Primarily working in portraits, preschool and events photography, doing more pet portraits recently has definitely been different experience, but a very enjoyable one that I would love to continue and expand on. I’ve had multiple people tell me “never work with children or animals”, but some days when I leave my daycare photography job, I head straight to Tayla’s to take photos of her Groodles. Though each of these forms of photography are considered to be difficult, it’s extremely rewarding when you get the right shot, especially when you’re asked “how did you manage that?”

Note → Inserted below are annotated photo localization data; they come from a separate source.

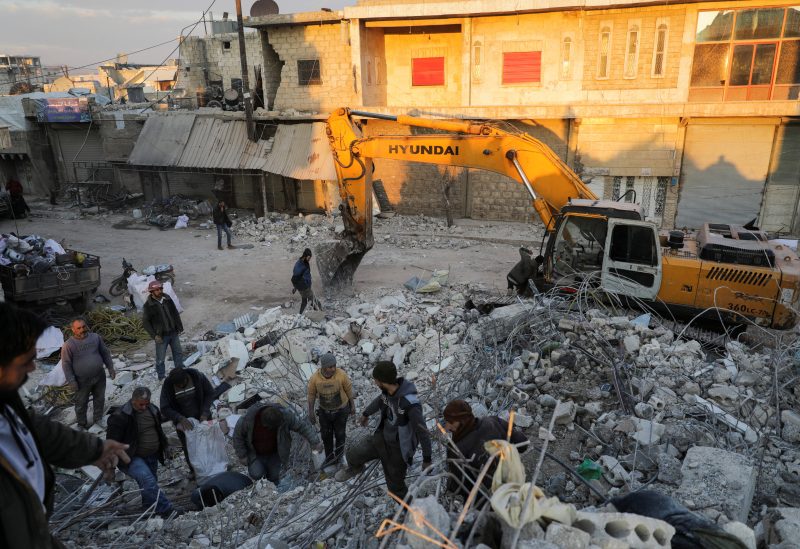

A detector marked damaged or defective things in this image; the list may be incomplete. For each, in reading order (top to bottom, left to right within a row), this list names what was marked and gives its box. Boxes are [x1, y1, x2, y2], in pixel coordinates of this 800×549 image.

damaged storefront [127, 113, 338, 214]
broken concrete slab [676, 444, 756, 520]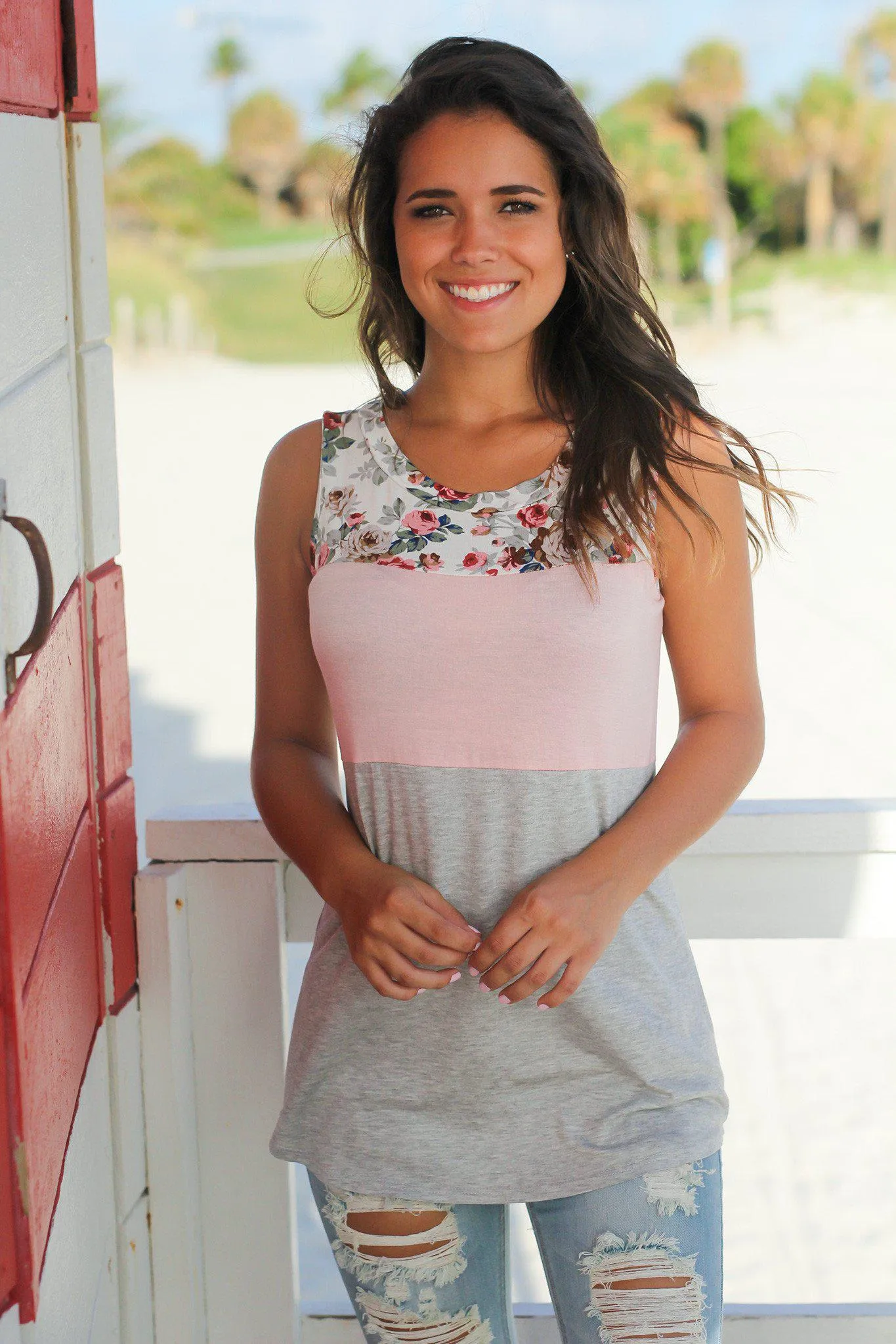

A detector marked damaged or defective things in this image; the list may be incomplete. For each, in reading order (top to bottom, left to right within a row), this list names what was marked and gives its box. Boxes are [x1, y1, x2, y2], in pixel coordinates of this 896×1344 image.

rusty metal door handle [1, 478, 54, 699]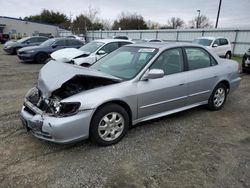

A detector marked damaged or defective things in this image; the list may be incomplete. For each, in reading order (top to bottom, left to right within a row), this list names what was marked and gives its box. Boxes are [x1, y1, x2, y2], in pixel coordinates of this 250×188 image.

crumpled hood [37, 60, 122, 98]
front bumper damage [20, 97, 94, 143]
broken headlight [49, 100, 80, 116]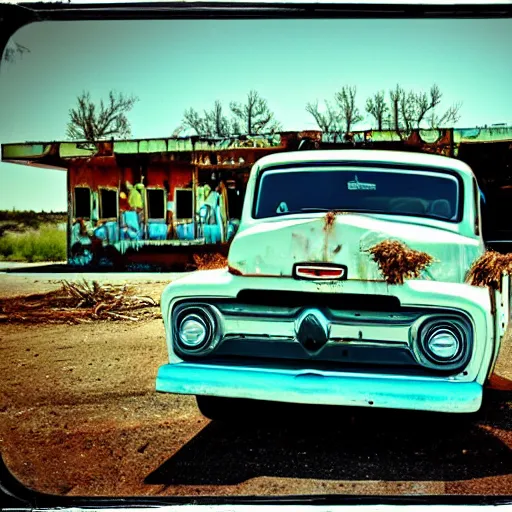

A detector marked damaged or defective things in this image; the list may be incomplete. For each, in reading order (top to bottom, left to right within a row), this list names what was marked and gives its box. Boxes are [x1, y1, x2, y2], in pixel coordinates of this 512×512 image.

broken window [73, 188, 91, 220]
broken window [99, 188, 118, 220]
broken window [146, 189, 166, 219]
broken window [175, 189, 193, 219]
rusty vintage truck [157, 150, 512, 418]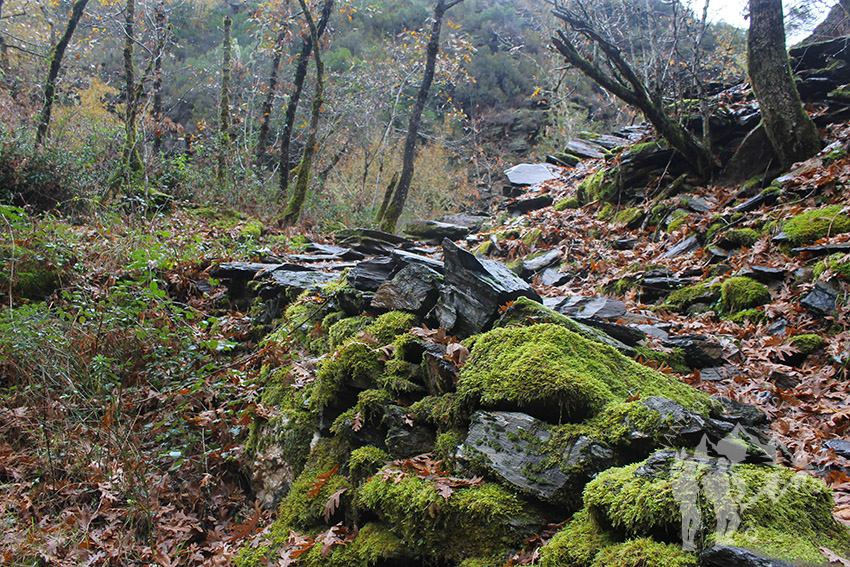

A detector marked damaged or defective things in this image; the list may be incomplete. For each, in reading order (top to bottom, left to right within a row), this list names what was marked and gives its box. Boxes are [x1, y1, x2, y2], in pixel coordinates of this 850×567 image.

So, here a few of my tips on how to manage to get that perfect shot of your pooch!
Think about setting
A pet will feel a lot more relaxed in a setting they’re familiar with, even at home in the backyard. Taking them somewhere they haven’t been may be a bit exciting, and will give you a lot more trouble when trying to get their attention or let alone sit still.
Get to their level
Instead of standing and looking down on your pet, kneel down, and get to see the world from their perspective. Getting eye to eye with your pet is a lot more personal and allows everyone to see your pet from an angle they wouldn’t usually see.
Mix up your angles
When getting up close, try framing your pet in different ways, try focusing on different aspects of their face, get creative! When taking a step back, try different angles, maybe looking up at them to get a tree in the background.
Fast shutter speeds
If you’re working with a DSLR, crank up that shutter speed. Your shutter speed is the amount of time your shutter is open, especially with animals, you want your shutter to be faster to be able to catch those moments in sharp stillness before they jump or run out the way, or even to catch them in mid action. I would recommend over 1/200 a second, but if you’ve got the right lighting, go higher.
If you’re working with a basic digital camera, check the settings for a sport mode, this mode is designed to take photos of people in motion.
Work with them!
You may see some really cute stuff on Pintrest, but I can guarantee that most of those shots took a few times to get that perfect photo. As much as you want them to sit still sometimes, it’s just not always going to happen. If they’re not cooperating, give it a break, don’t make yourself too frustrated by trying to get the perfect shot. And remember sometimes the perfect shot isn’t one that you’ve set up, sometimes it just naturally happens in front of you, and if you keep calm, you can manage to maneuver your way around them and get some fun angles too!
The main thing is, have fun with your pet, not only creating beautiful images but being able to look back on those photos thinking about the great memories too!